Traditionally, ETL runs in large, scheduled batches, often overnight. This means the data in the target system is only as fresh as the most recent batch run.

The key difference is in how CDC extracts data. Instead of extracting the dataset in batches, CDC captures the changes as they happen, making it possible to always query the most current data instead of relying on periodic batch processing. This can help you respond faster to changes and gain more accurate insights.

What is the difference between SCD and CDC?

Change data capture is primarily a process focused on the efficient extraction of all incremental changes from a source database, often in near real time, to minimize the load on the source system.

In contrast, slowly changing dimensions (SCD) is a data modeling technique applied in the target data warehouse or analytical system, focusing on how to store and manage the historical state of dimension data (like customer records or product attributes) over time.

While CDC is the tool for efficient data transport of the changes, these changes are typically applied using a specific SCD strategy to maintain a complete and accurate history within the destination system.

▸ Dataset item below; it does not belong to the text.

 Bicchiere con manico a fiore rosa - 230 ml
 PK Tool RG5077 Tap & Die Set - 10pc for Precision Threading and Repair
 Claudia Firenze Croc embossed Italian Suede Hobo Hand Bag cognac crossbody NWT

Common CDC sources and destinations

Change data capture can be a powerful bridge for connecting the diverse systems that make up a modern data stack or data cloud. Rather than being limited to specific databases, CDC tools are designed to work with a wide variety of sources and destinations.

Transactional databases are the most common sources for CDC, capturing every insert, update, and delete from the systems that run daily business operations.

Often the primary destination for CDC data, these systems consolidate information from multiple sources for business intelligence, analytics, and AI.

  • Examples: BigQuery, Snowflake, Amazon Redshift, Databricks

Use CDC to pull change data from critical business platforms (often via APIs or webhooks) to synchronize customer, sales, or support data across the organization.

  • Examples: Salesforce, SAP, Stripe, HubSpot

Streaming and messaging platforms often act as a real-time messaging bus, receiving change events from a source and distributing them to multiple downstream consumers simultaneously.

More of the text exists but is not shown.